Project RP LEB4 RP LEB4 (no RPL) Stader (normal SD) CSM (2) *
Bond ETH 4 4 4 2
Additional bond 2.8 0 0.4 0
APR ratio (K) 0.55 0 1 0
Max fee 14% 14% 6% 7.5%
RC 9.46 7.92 6.08 4.2
RCM 1.39 1.98 1.38 2.1

* - actual bond size and staking fee are not yet approved by the Lido DAO

Also, looking into the future, one can assume that Rocket Pool will launch LEB4 minipools (1.39) or even LEB4 with no RPL requirement (1.98). At the same time, SD rewards will probably end up on par with ETH_StakingAPR or even lower, resulting in Stader RCM reduction to 1.32 (still very compatible!). To ensure CSM positions in the hypothetical future staking market, a 2 ETH bond can be introduced, resulting in RCM of 2.1.

Complete calculations can be found here


Interesting analysis, thanks for sharing! Very useful to help reason about fee percentage and bonding requirements.
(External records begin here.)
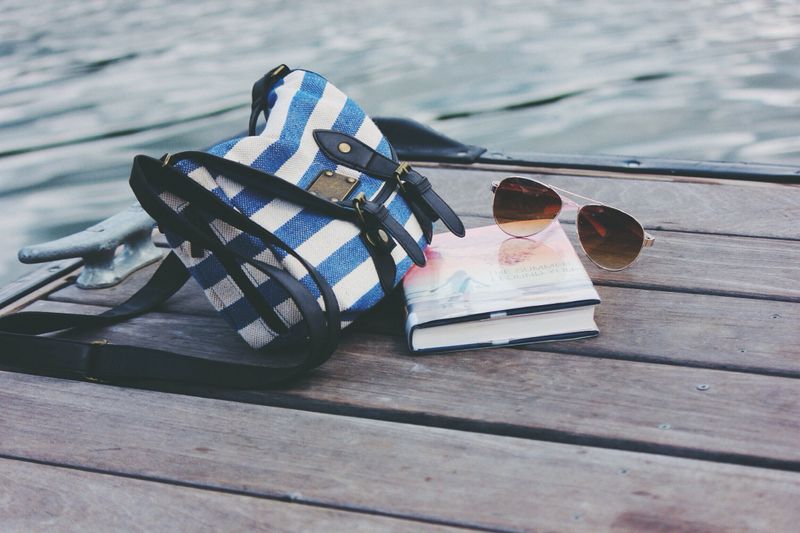A beach bag, book, and sunglasses on a wooden pier.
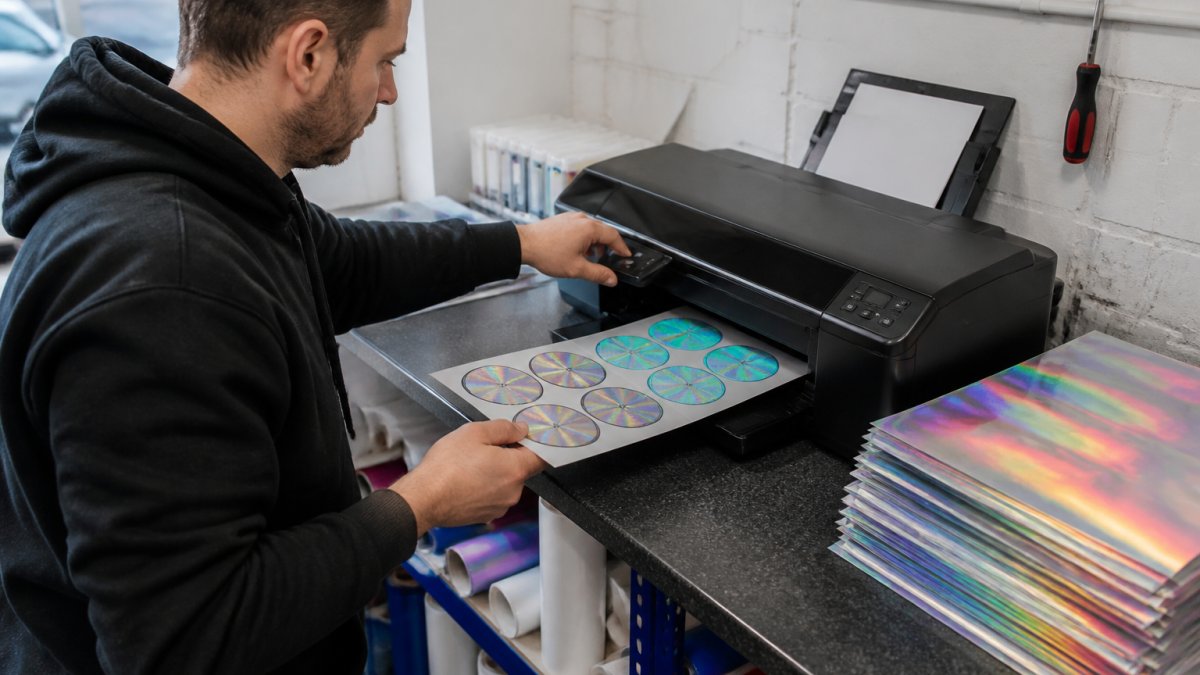 A print operator in a small UK sign shop adjusting printer settings on a desktop inkjet, with sheets of rainbow holographic sticker paper stacked beside the machine and a test print showing a clean, smudge-free sticker design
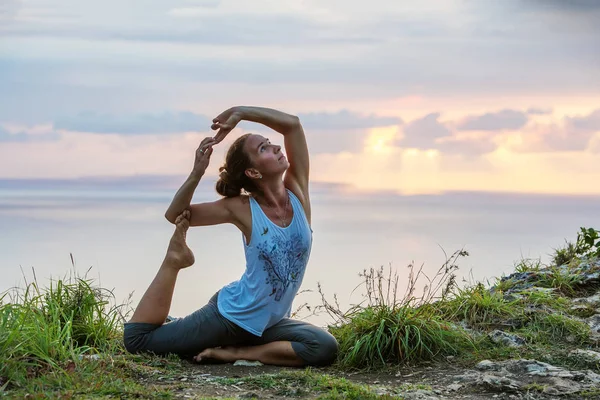 Kaukasisk kvinna utövar yoga på stranden — Stockfoto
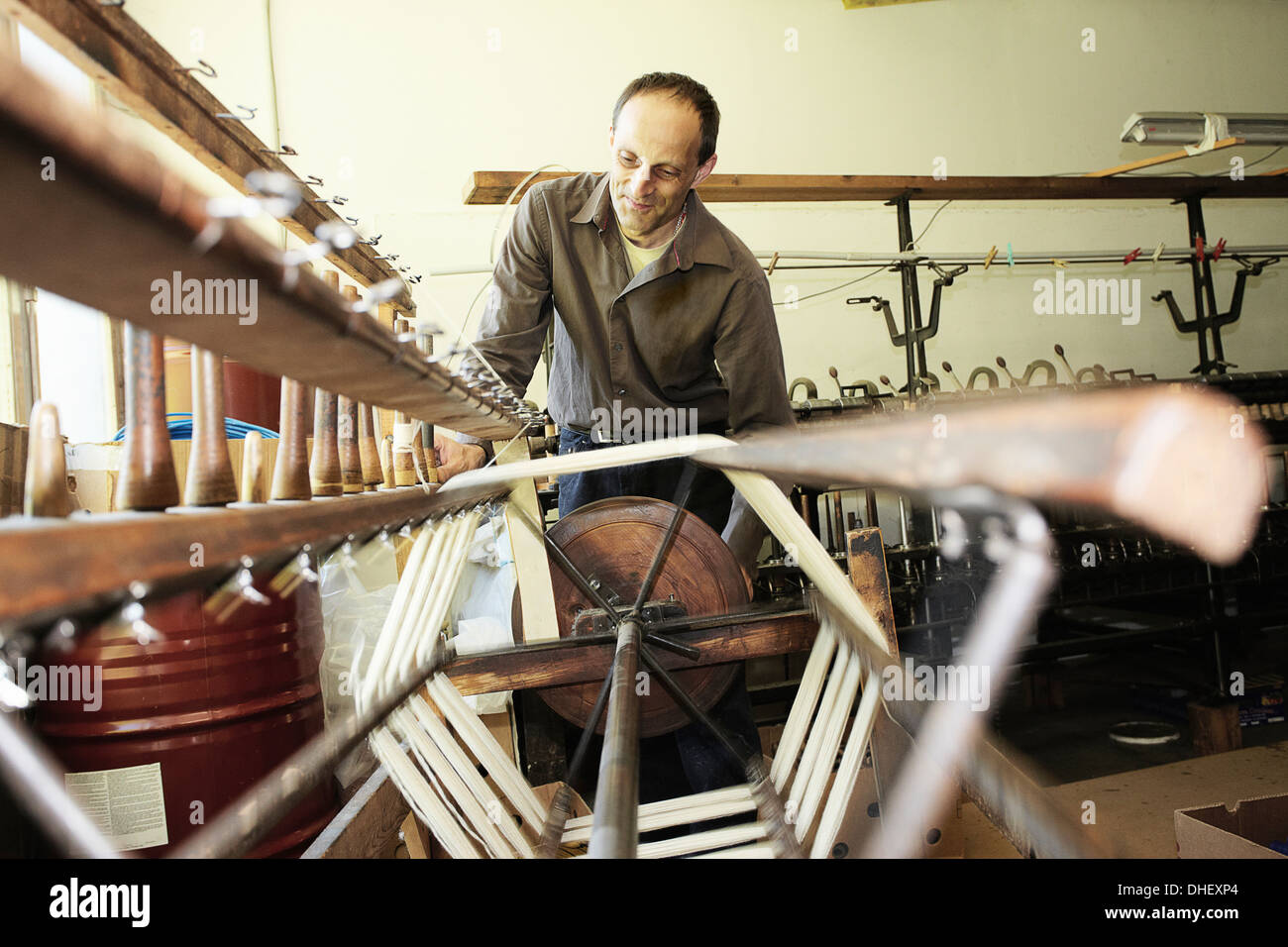 Worker using loom in wool factory Stock Photo
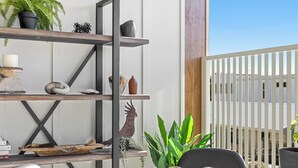 A modern outdoor seating area with a round table, chairs, and a metal shelf unit displaying various decorative items. - Fiano Townhouse 2 Bedrooms (Sunshine Coast)
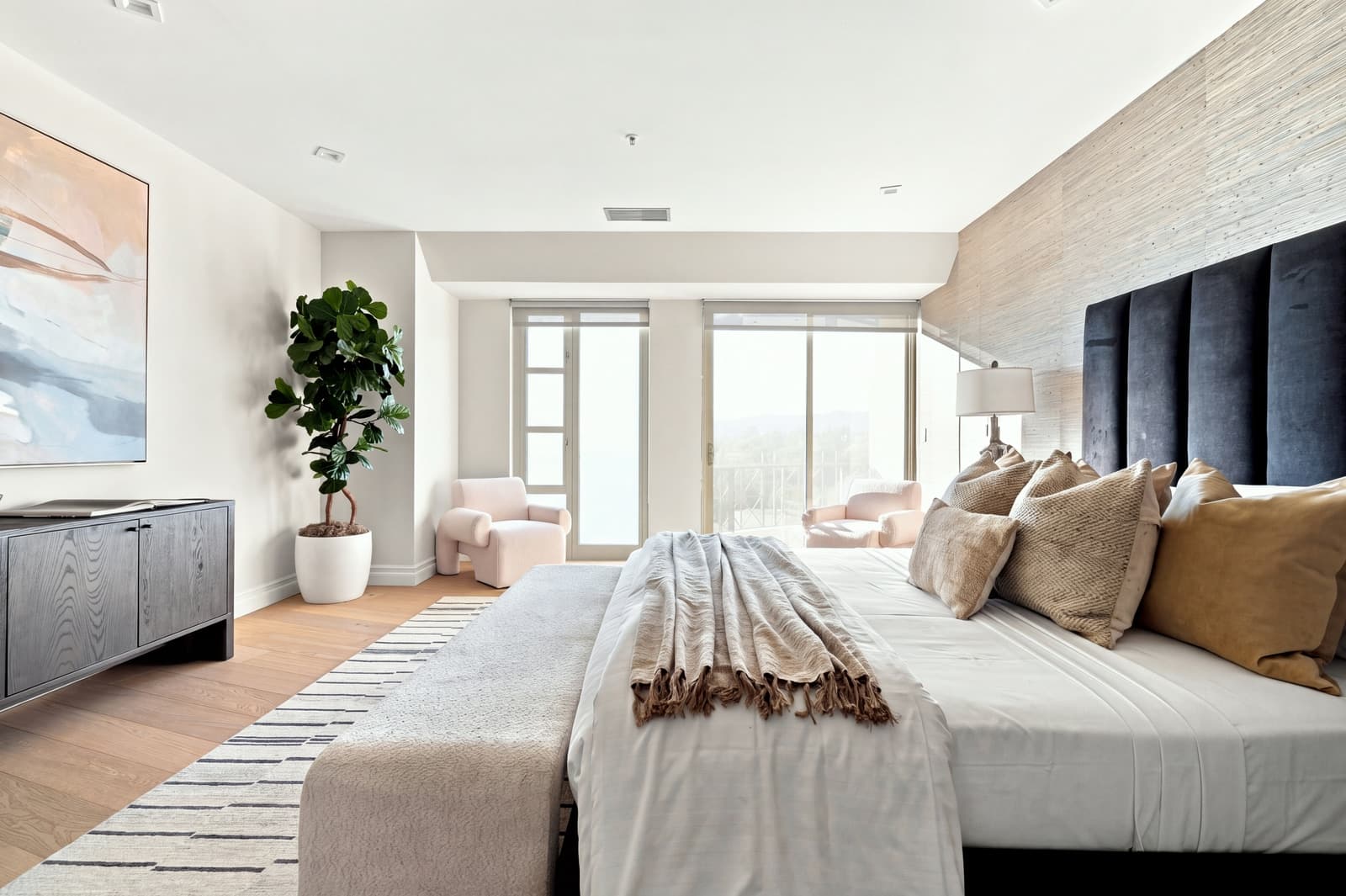 Primary bedroom with grasscloth walls and a balcony view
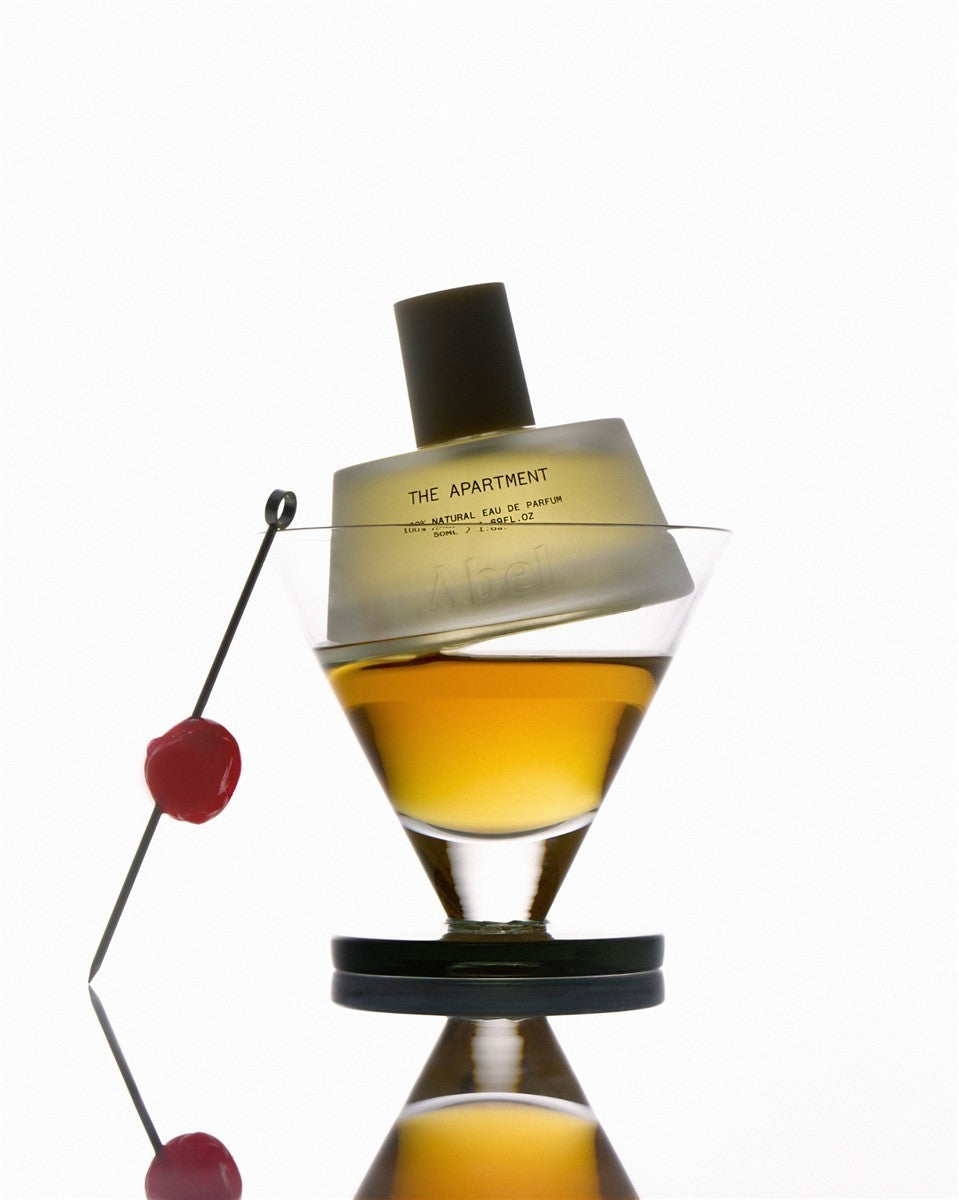 The Apartment Mini Parfümset Warm – goldfarbenes Eau de Parfum in Glasflasche mit schwarzem Verschluss, weißer Hintergrund – Parfüm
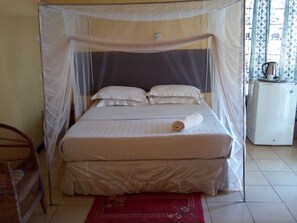 A bed with a canopy, pillows, a rolled towel, a small refrigerator, and a chair. - Zambezi Way Lodge (Livingstone)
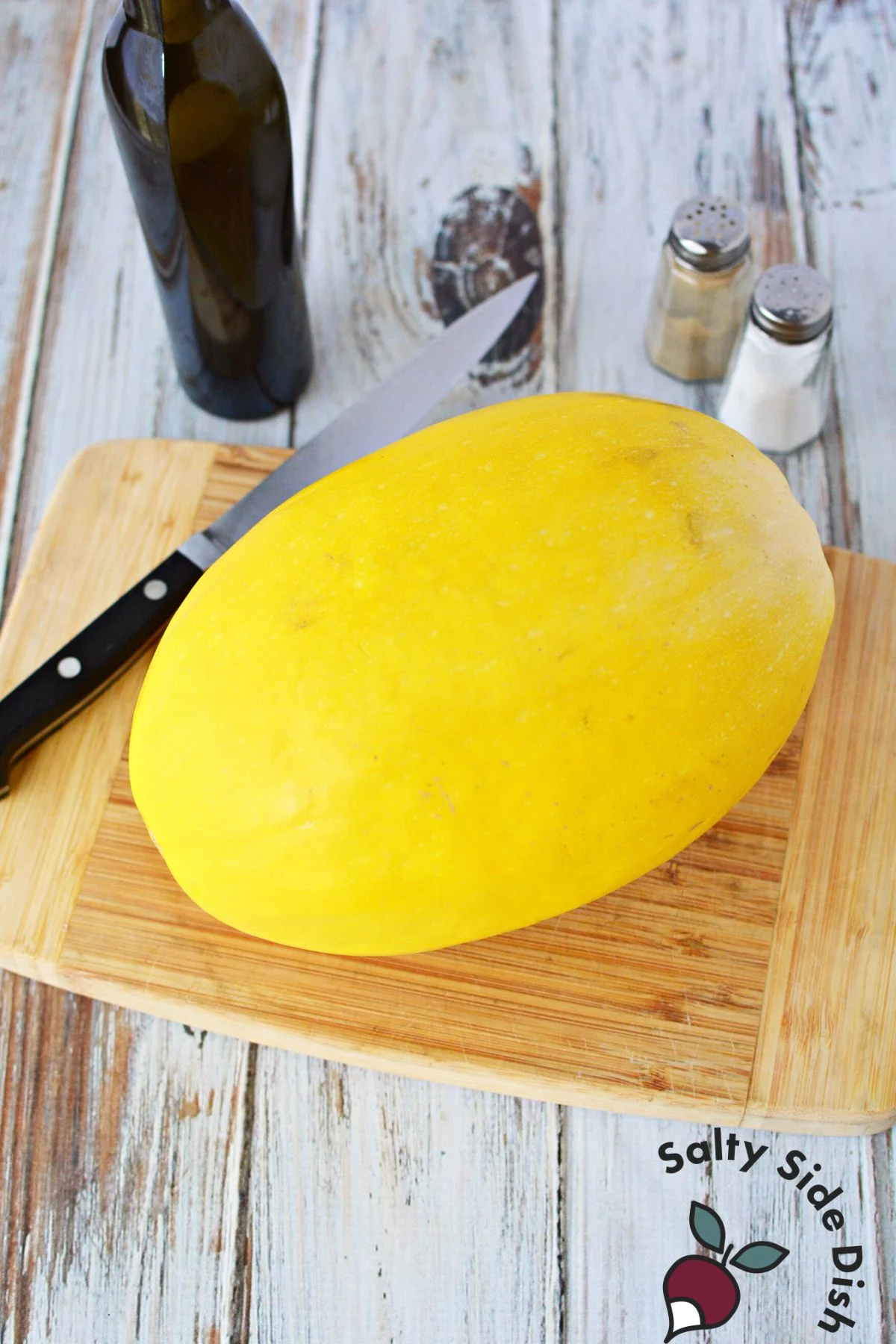 spaghetti squash on a cutting board with a knife.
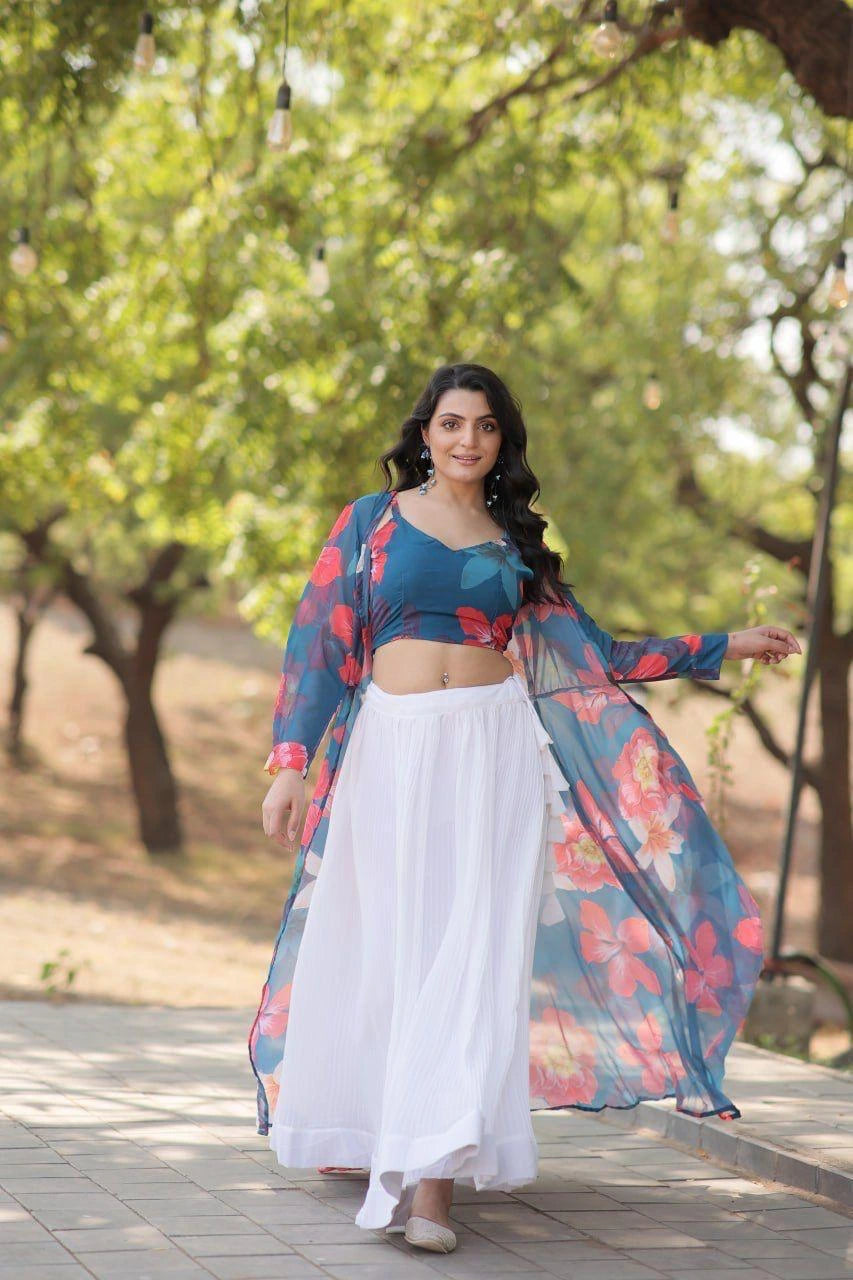 Woman in a blue top and white skirt with a floral jacket outdoors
Another factor that I think would be interesting to analyse at some point is how externally sourced ETH or “additional bond” would impact this calculation. In other networks with self-stake requirements, we have witnessed borrowing structures emerge that enabled node operators to share part of the additional delegation returns (kinda RCM here) while sourcing the bond from external parties (i.e. borrowing).

In the case of ETH specifically there is a pretty liquid market for borrowing and lending of ETH, so it might be possible for an economically motivated actor to pay off their operational cost and interest of their borrowed ETH with additional earnings from operating nodes e.g. for the CSM.

Reminds me a bit of lending vs. staking papers from Tarun Chitra (e.g.